Thomas Hart Benton, portrait, photo credits Mostate parks.

Thomas Hart Benton

Realism, Murals

April 6, 2015

Thomas Hart Benton was an American painter famous for his murals that show ordinary people in scenes of life in the United States. Benton was born in 1983 in Neosho, Missouri into an influential family of politicians. He was named after his great-great-uncle, Thomas Hart Benton, one of the first two United States Senators elected from Missouri.

Benton’s Education and Influence of Diego Rivera

From an early age Benton showed remarkable skill as an artist, a talent his mother encouraged but which his father deplored, since he wished his son to focus on politics or law. Nevertheless, Benton persuaded his father to send him to art school in Chicago in 1907. He eventually transferred to the Julian Academy in Paris, where he was influenced by the style of Diego Rivera, a prominent muralist. It was Rivera's use of bright colors to depict socialism that inspired Benton's style during his Regionalism years. After studying in Europe, Benton moved to New York City in 1912 and resumed painting. During World War I, Benton took up a job as a draftsman for the Navy and switched from painting landscapes to sketching scenes from shipyard life. Back in the New York art scene during the 1920s, Benton taught at the Art Students League and began to gain acclaim for his works that addressed the social realities of the city.

Benton’s Ordinary People

The turning point in Benton's career came in 1924, when he returned to Missouri to visit his dying father, whom he had not seen in years. The talks he had with his father and with his father's old political cronies filled the artist with a desire to reconnect with the world of his childhood. Benton became more directly involved in politics and worked on the pieces for which he is most famous. He took pride in his Midwestern roots and began painting ordinary Americans not often shown in art. In his oeuvre, Benton showed working people in all regions of the States, including poor, rural areas. He called attention to problems that he thought all Americans should know about.
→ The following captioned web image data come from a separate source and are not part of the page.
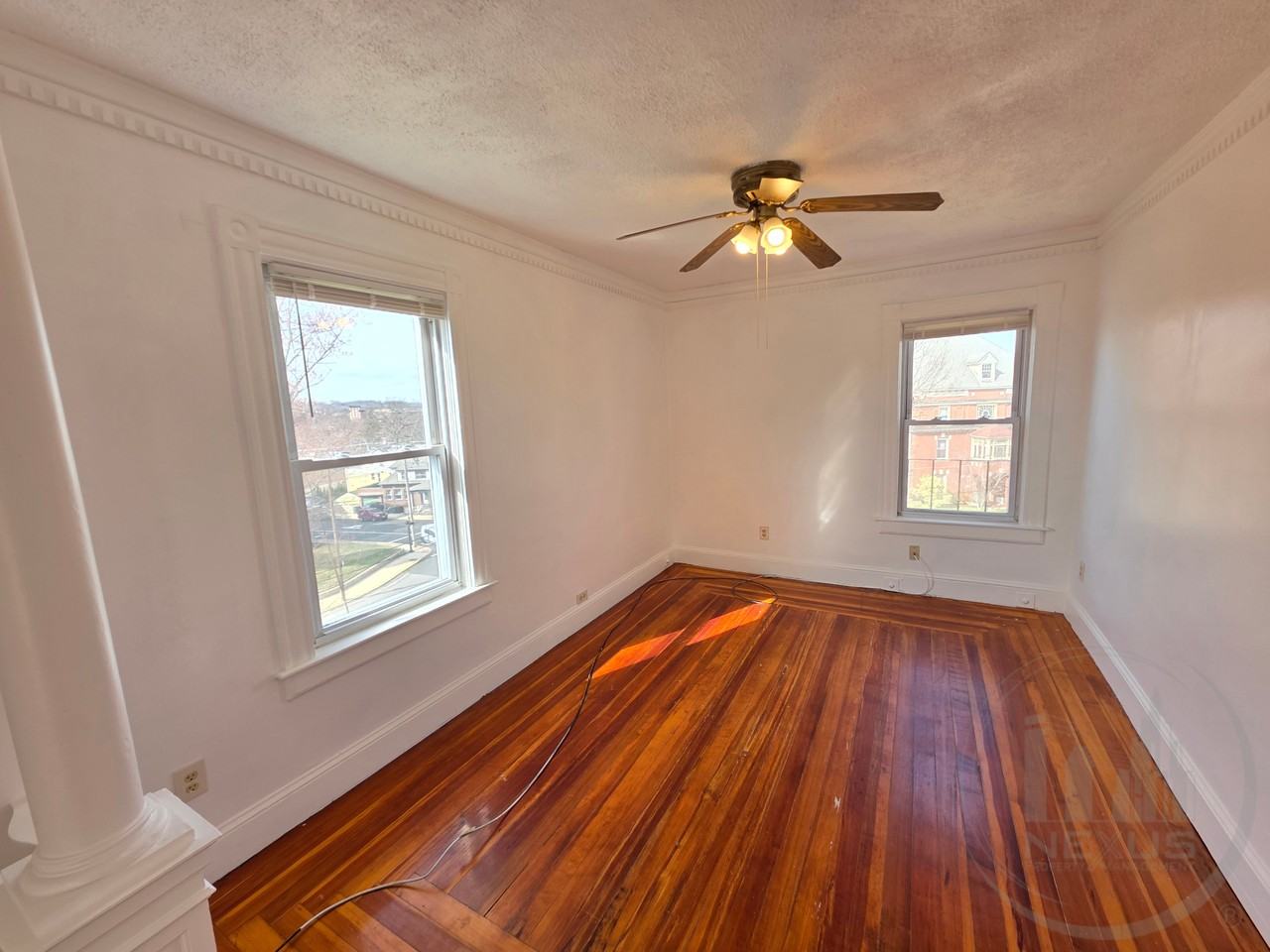 68 Park Ave - Photo 4 of 11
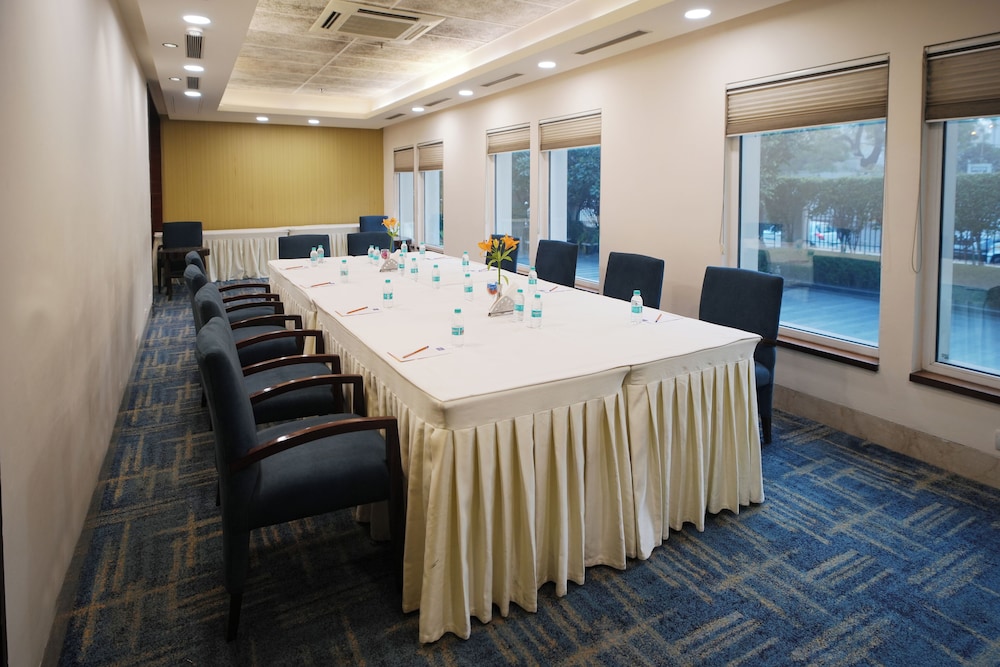 The Muse Sarovar Portico, Nehru Place 36/42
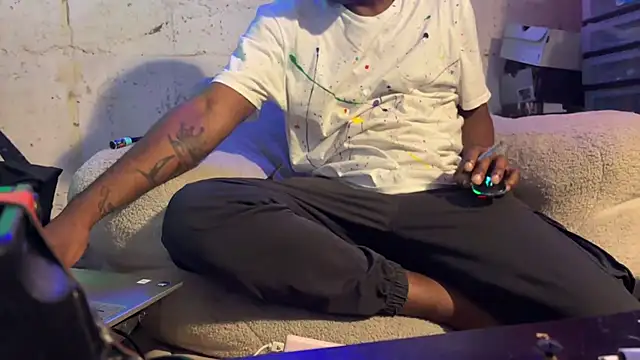 liTgemNYC online show from June 10, 1:54 pm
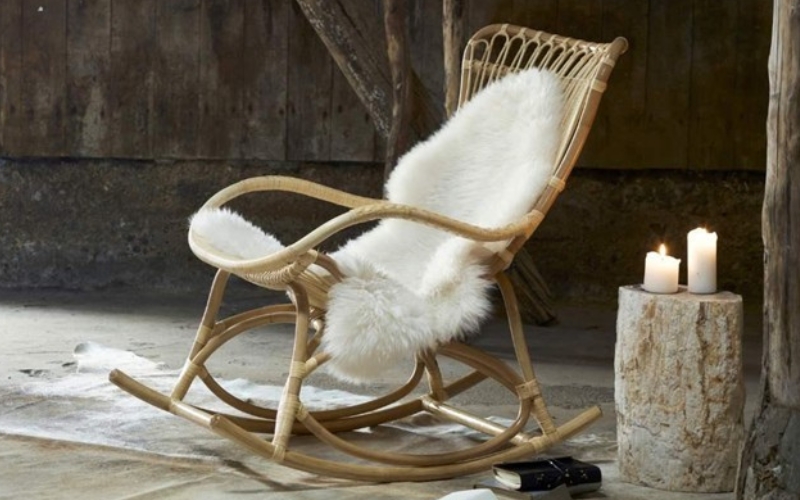 Parolan-rottinki Sika-Designin Monet-keinutuoli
The Leader of the "Regionalist Movement"

Benton was best known to the public as the leader of the "Regionalist Movement" in American art, which opposed European modernism and focused on scenes of the American heartland; but he was also active in Social Realism, American Modernism, and Synchromism.
In 1930, Benton produced an enormous mural program, America Today, which received a great deal of attention. In 1932, he painted The Arts of Life in America, a set of large murals for an early site of the Whitney Museum of American Art. Major panels include Arts of the City, Arts of the West, Arts of the South and Indian Arts. In 1953 five of the panels were purchased by the New Britain Museum of American Art in Connecticut, and have since been displayed there.
In 1934, Benton was featured on one of the earliest color covers of Time magazine. Benton's work was featured along with that of fellow Midwesterners Grant Wood and John Steuart Curry in an article entitled "The U.S. Scene". The trio was featured as the new heroes of American art, and Regionalism was described as a significant art movement.

In September of 1935, Benton moved to Kansas City, Missouri. He lived there and worked in his studio until his death on January 19, 1975.